A group of youngsters take a road trip to a local ghost town where they are attacked by an unfriendly wolf pack. They have to use their ingenuity to defeat the wolves, hiding in the abandoned buildings of an old mining town. Not a terribly inspired plot. Wolf Town would be a fairly indistinct, low-budget animal-attack movie were it not for a few admirable quirks that made me want to write about it.

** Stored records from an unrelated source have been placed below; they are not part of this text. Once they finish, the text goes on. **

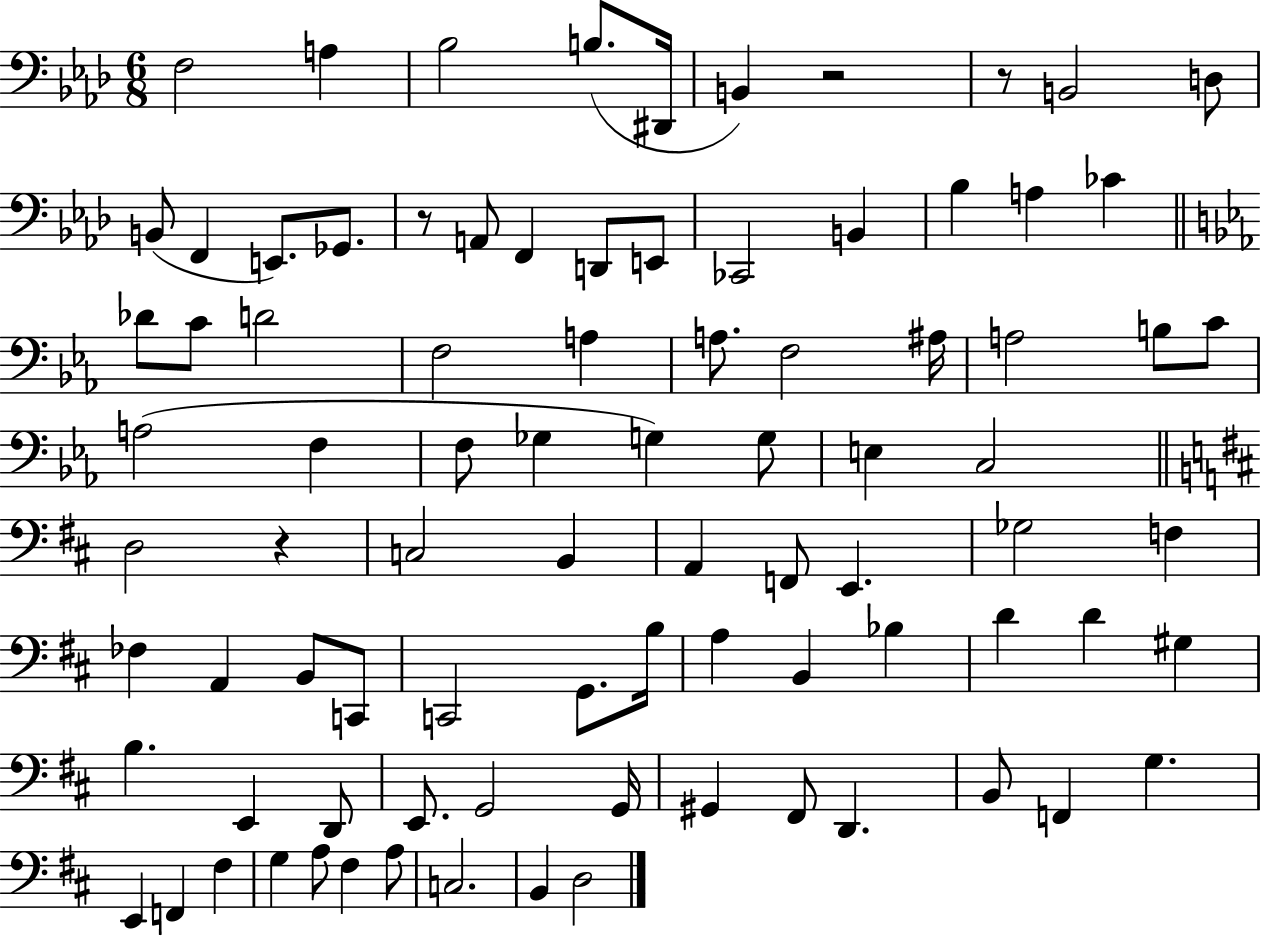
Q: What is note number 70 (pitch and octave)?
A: D2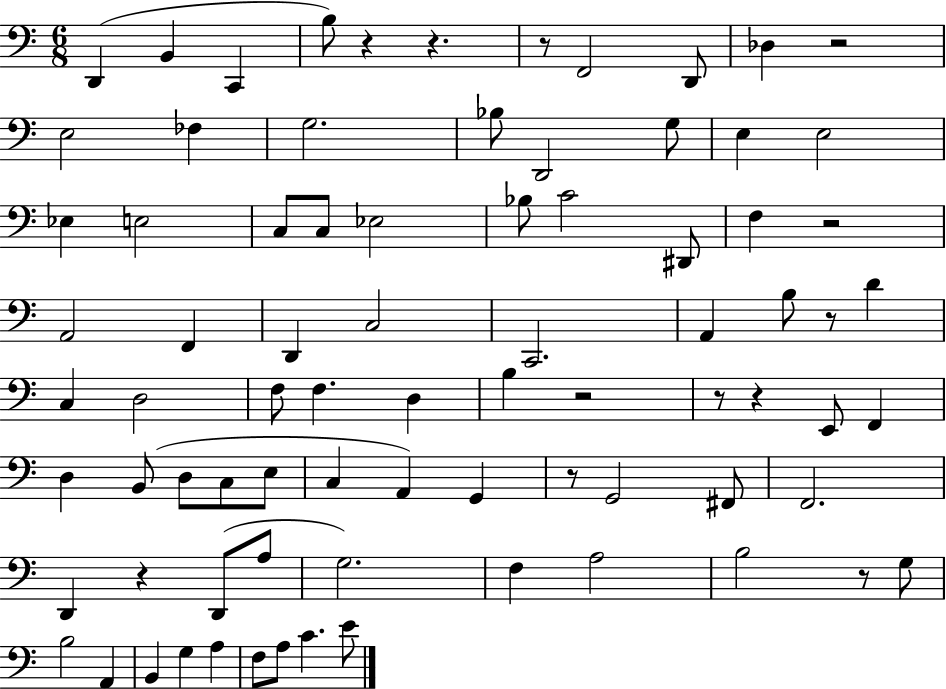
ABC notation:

X:1
T:Untitled
M:6/8
L:1/4
K:C
D,, B,, C,, B,/2 z z z/2 F,,2 D,,/2 _D, z2 E,2 _F, G,2 _B,/2 D,,2 G,/2 E, E,2 _E, E,2 C,/2 C,/2 _E,2 _B,/2 C2 ^D,,/2 F, z2 A,,2 F,, D,, C,2 C,,2 A,, B,/2 z/2 D C, D,2 F,/2 F, D, B, z2 z/2 z E,,/2 F,, D, B,,/2 D,/2 C,/2 E,/2 C, A,, G,, z/2 G,,2 ^F,,/2 F,,2 D,, z D,,/2 A,/2 G,2 F, A,2 B,2 z/2 G,/2 B,2 A,, B,, G, A, F,/2 A,/2 C E/2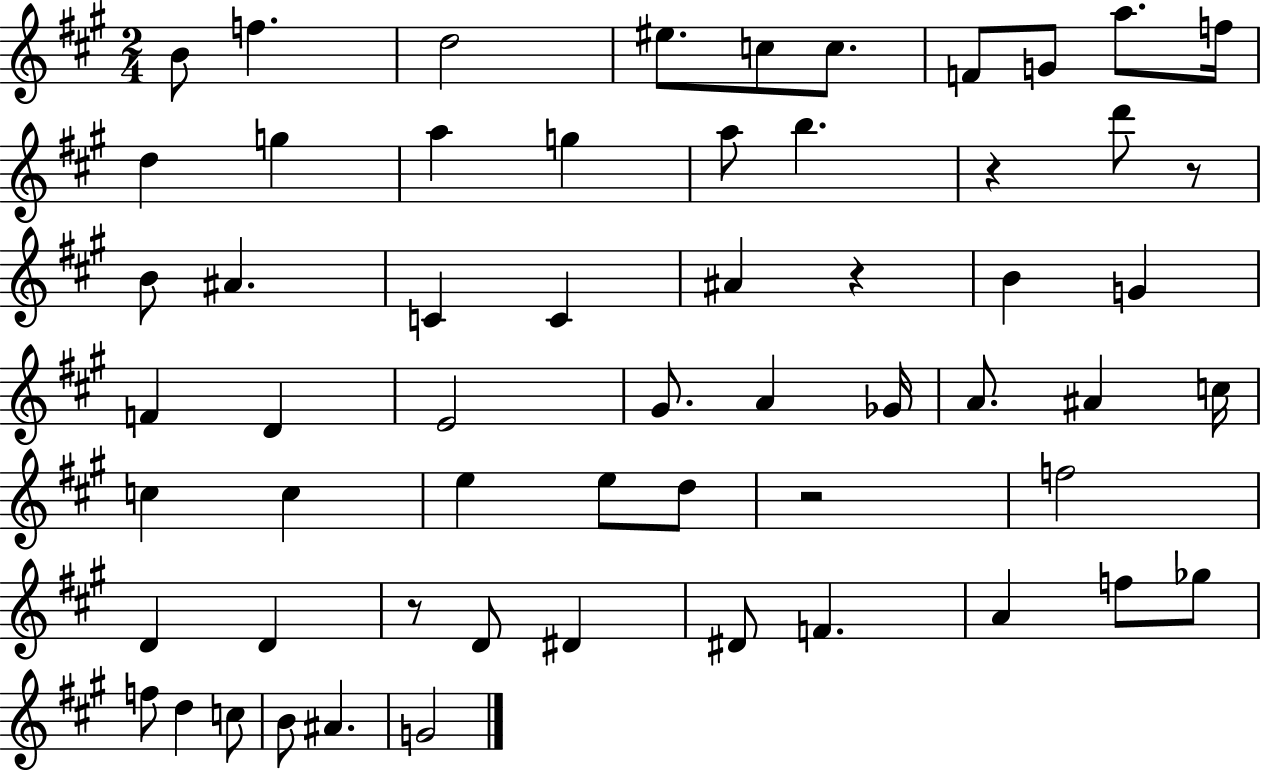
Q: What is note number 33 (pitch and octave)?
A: C5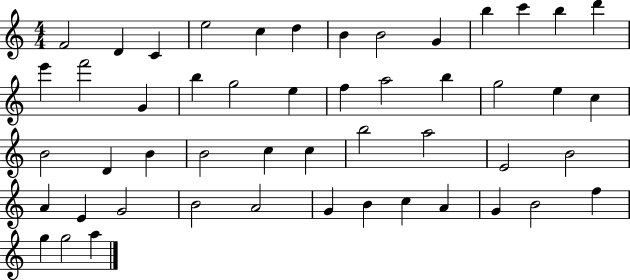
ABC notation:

X:1
T:Untitled
M:4/4
L:1/4
K:C
F2 D C e2 c d B B2 G b c' b d' e' f'2 G b g2 e f a2 b g2 e c B2 D B B2 c c b2 a2 E2 B2 A E G2 B2 A2 G B c A G B2 f g g2 a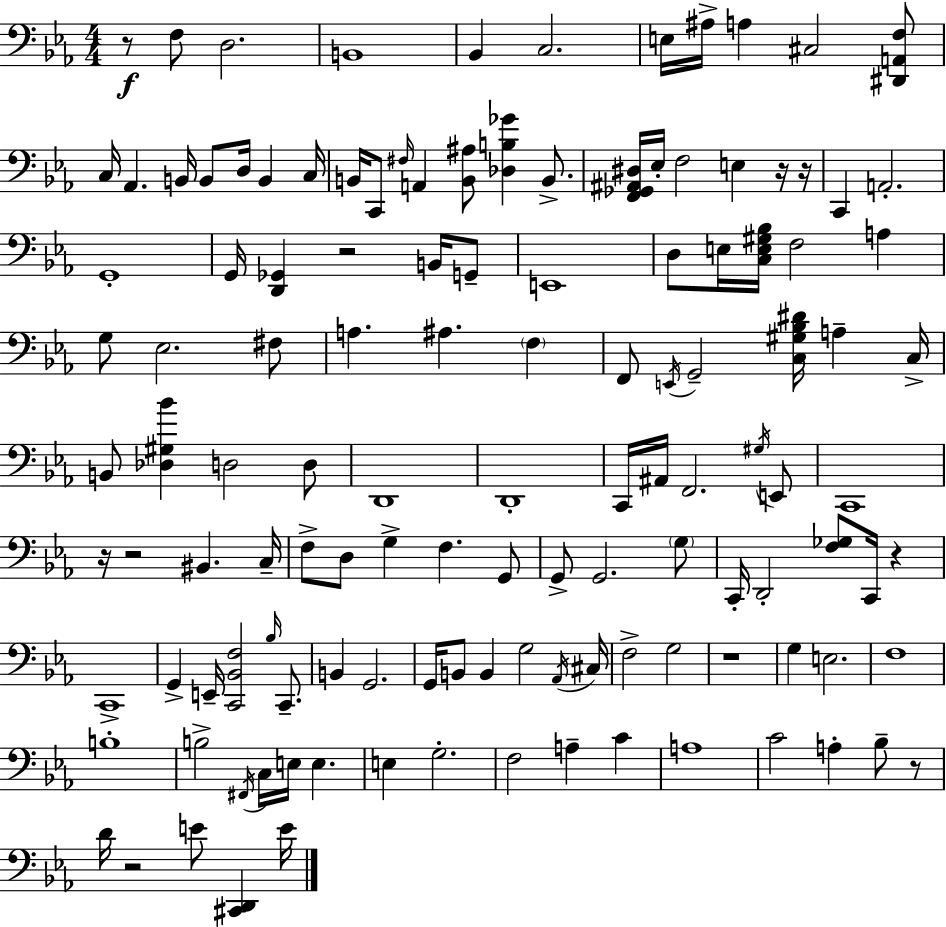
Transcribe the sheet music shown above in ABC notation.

X:1
T:Untitled
M:4/4
L:1/4
K:Cm
z/2 F,/2 D,2 B,,4 _B,, C,2 E,/4 ^A,/4 A, ^C,2 [^D,,A,,F,]/2 C,/4 _A,, B,,/4 B,,/2 D,/4 B,, C,/4 B,,/4 C,,/2 ^F,/4 A,, [B,,^A,]/2 [_D,B,_G] B,,/2 [F,,_G,,^A,,^D,]/4 _E,/4 F,2 E, z/4 z/4 C,, A,,2 G,,4 G,,/4 [D,,_G,,] z2 B,,/4 G,,/2 E,,4 D,/2 E,/4 [C,E,^G,_B,]/4 F,2 A, G,/2 _E,2 ^F,/2 A, ^A, F, F,,/2 E,,/4 G,,2 [C,^G,_B,^D]/4 A, C,/4 B,,/2 [_D,^G,_B] D,2 D,/2 D,,4 D,,4 C,,/4 ^A,,/4 F,,2 ^G,/4 E,,/2 C,,4 z/4 z2 ^B,, C,/4 F,/2 D,/2 G, F, G,,/2 G,,/2 G,,2 G,/2 C,,/4 D,,2 [F,_G,]/2 C,,/4 z C,,4 G,, E,,/4 [C,,_B,,F,]2 _B,/4 C,,/2 B,, G,,2 G,,/4 B,,/2 B,, G,2 _A,,/4 ^C,/4 F,2 G,2 z4 G, E,2 F,4 B,4 B,2 ^F,,/4 C,/4 E,/4 E, E, G,2 F,2 A, C A,4 C2 A, _B,/2 z/2 D/4 z2 E/2 [^C,,D,,] E/4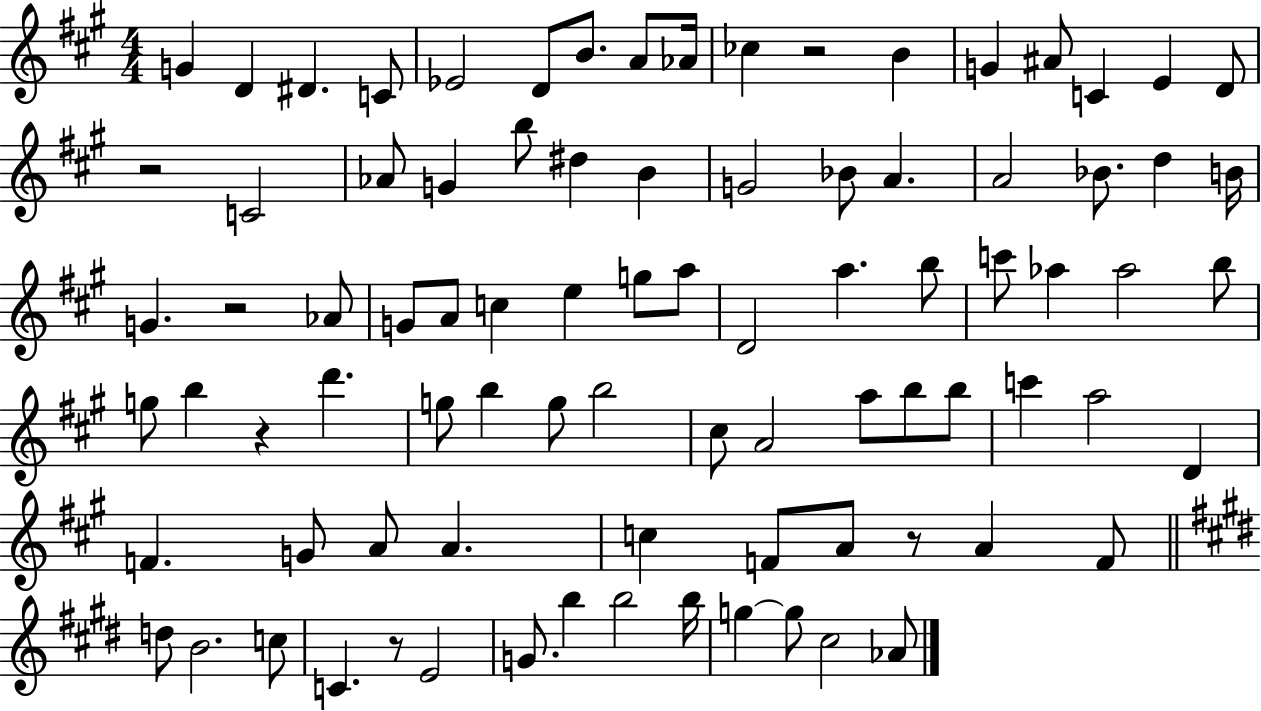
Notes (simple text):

G4/q D4/q D#4/q. C4/e Eb4/h D4/e B4/e. A4/e Ab4/s CES5/q R/h B4/q G4/q A#4/e C4/q E4/q D4/e R/h C4/h Ab4/e G4/q B5/e D#5/q B4/q G4/h Bb4/e A4/q. A4/h Bb4/e. D5/q B4/s G4/q. R/h Ab4/e G4/e A4/e C5/q E5/q G5/e A5/e D4/h A5/q. B5/e C6/e Ab5/q Ab5/h B5/e G5/e B5/q R/q D6/q. G5/e B5/q G5/e B5/h C#5/e A4/h A5/e B5/e B5/e C6/q A5/h D4/q F4/q. G4/e A4/e A4/q. C5/q F4/e A4/e R/e A4/q F4/e D5/e B4/h. C5/e C4/q. R/e E4/h G4/e. B5/q B5/h B5/s G5/q G5/e C#5/h Ab4/e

The most impressive of Wolf Town’s features is, oddly enough, its psychological realism. The film’s psychology is, in fact, infuriatingly realistic. In countless films, a total wimp like Shaun in Shaun of the Dead becomes an ass-kicking badass the moment a real threat shows up. Perhaps we all believe really intensely in the fight-or-flight response or, as I think, we believe the world works like video games. If we’re really good at Resident Evil and have shot enough zombies, we’ll be ready for a real zombie threat. I suspect the people who spend all day playing Resident Evil would do little more than defecate and die when the real zombies showed up. Lazy, videogaming nerds like to believe they have inner badasses just waiting to come out, but they don’t: a pussy is a pussy is a pussy is a pussy, as Gertrude Stein never said. It’s curious how this implicit belief is one also shared by the conservatives who think video game violence can translate into real violence. Both are wrong, of course. Video games and real life threats are totally unrelated.

The protagonist of Wolf Town, Kyle (Levi Fiehler) is a pussy, as his friend tells him. He’s so afraid to ask a girl out, he contrives the road trip just to do it. He’s humiliated when he sees her with Rob (Josh Kelly), an alpha male sort of guy who did ask her out. When Rob says ‘Let’s just go to Vegas’, Kyle is ready to back down. When the wolves arrive, Kyle remains a pussy who whines and cries, while Rob remains an alpha male, barking out orders and making decisions. This is psychological reality. Meek guys like Kyle do not become alphas whenever a tense situation arrives. And as much as the film’s sympathetic focus on Kyle may make us dislike Rob, and as tedious as overconfident people are, someone has to make the decisions and Kyle is clearly not up to it. This is the psychological realism I admire in Wolf Town. It’s very refreshing, even while it’s infuriating. We want Kyle to man up, but he, like many of us, can’t just do that: it’s not who he is.

That said, there is a feeling of cheapness to Wolf Town. What budget Rebel did have was probably spent on the ghost town setting, a charming concatenation of shacks with an inexplicably intact saloon. The sense of cheapness is probably due to the wolves clearly being huskies and alsatians with a bit of fur-paint, and we rarely see more than two on screen at any given moment. On the one hand, director John Rebel deserves praise for using real animals instead of CGI. On the other hand, the use of real dogs does limit what he can do. We’ll never see a wolf injured in any way on screen, for instance, nor will be see them performing impossible jumps.

Rebel settles for editing the dogs wherever they need to be, giving the wolves a strangely mystic quality. This mysticism would be egregious were it not pervading the whole film. The dogs don’t just try to scare their victims off; they disable their car and steal their cell phones. The film’s subtext is one of nature vs humanity. The wolves just want a space to be without human interference, a place that belongs to nature. It’s a line of argument I don’t think carries much weight, whether in Wolf Town or in Avatar, because humans and their activities are a part of the natural order; but it is what it is.

Wolf Town is a mildly entertaining way to pass eighty minutes, especially for wolf-lovers. But the film does drag. However praiseworthy the real dogs and psychological realism may be, Wolf Town could have done with a ton of CGI wolves getting chopped to pieces by a bunch of badass nerds. In a film like this, fun is more important than realism.